Saturday, 5 September 2015

TV review: CRADLE TO GRAVE and DANNY AND THE HUMAN ZOO

This article was originally published in The Dundee Courier on 5 September 2015.


Cradle To Grave: Thursday, BBC Two

Danny and The Human Zoo: Monday, BBC One

Paul Whitelaw

Innit typical? You wait ages for an autobiographical account of a popular entertainer growing up in 1970s Britain, then two come along at once.

Barrelling out in front, Cradle To Grave is a serial adaptation of Danny Baker's hilarious memoir Going To Sea In A Sieve. One of our greatest radio broadcasters, for years he's regaled fans with picaresque anecdotes from his whiz-bang youth, many of them revolving around his father, Fred.

Better known as Spud, this atom-powered character was a docker by trade Regardless of size, quantity and dubious provenance, everything that passed through Millwall Docks was fair game as far as Spud and his workmates were concerned. An incorrigible wheeler-dealer, he made Del Boy look like a rank amateur.

Spud, played with an uncertain South London accent by Peter Kay, is the star of the show. Danny and the rest of the Baker brood barely registered in episode one, as we plunged pell-mell into Spud's chaotic world of scams and fiddles.

Funny, charming stuff, but its energy was slightly exhausting. Kinetically edited like a cockney Goodfellas, it was overloaded with dizzying incident. It's as if Baker and co-writer Jeff Pope (Cilla; Philomena) were afraid of pausing for breath. They needn't have worried; these wonderful stories don't require the hard sell. Thankfully, it settles down next week to allow more room for nuance.

A genuinely warm, cheering comedy, this Polaroid-tinted labour of love is suffused with all the wit, warmth and attention to detail you'd expect from Baker.

By curious coincidence, Lenny Henry named his barely disguised alter ego Danny in self-penned biopic Danny and The Human Zoo. That wasn't the only curious thing about this uneven story of a working-class boy from a first generation Jamaican family breaking into the predominately white showbiz world of the 1970s.

Lenny has described it as “a fantasy memoir” due to certain fictionalised elements. So, while the details of his family situation were essentially true – as a teenager, he really did discover that the man who raised him wasn't his biological father – this version of his early forays into comedy felt like retroactive wish fulfilment.

To his eternal regret, Lenny appeared on The Black & White Minstrel Show after winning New Faces in 1975. However, unlike Danny he didn't rebel against its offensive outdatedness by appearing on stage naked daubed in tribal markings. I understand why he felt compelled to rewrite history; it must've been cathartic. But the honest truth – that he was young, naïve and eager to please – is less heroic, more complex, and therefore more interesting.
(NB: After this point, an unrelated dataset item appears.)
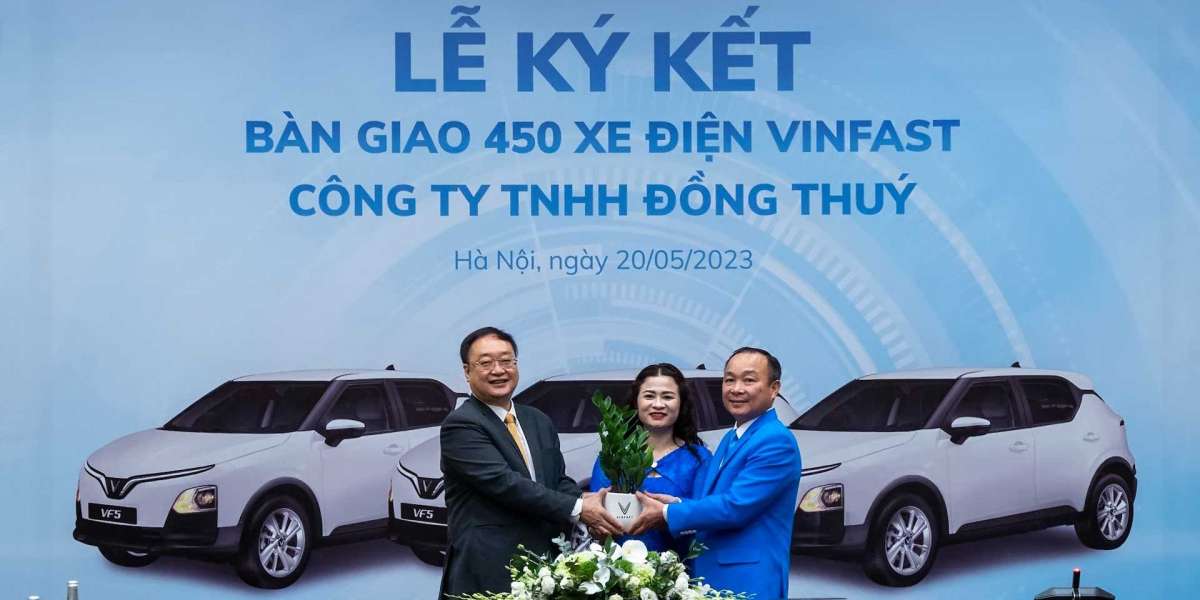 Lado Taxi mua thêm 300 xe VinFast VF 5 Plus để mở rộng dịch vụ taxi điện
The film was more assured when dealing with Danny's relationship with his parents (touchingly played by Cecilia Noble and Lenny himself), his search for an authentic identity, and the racism he encountered almost daily. It didn't ignore the painful fact that he had to make self-mocking jokes to win audiences over. “You may have seen some of these impressions before, but not in colour!” ran his catchphrase, pointedly repeated throughout the film with needling discomfort.

Despite its awkward mix of fact and fiction, plus newcomer Kascion Franklin's inability to convincingly impersonate Lenny impersonating Frank Spencer et al, it did succeed as a unflinching record of the bigoted attitudes that once festered on the surface of British society.

Things are different these days, of course. Now they fester more subtly. Plus ca change, Len.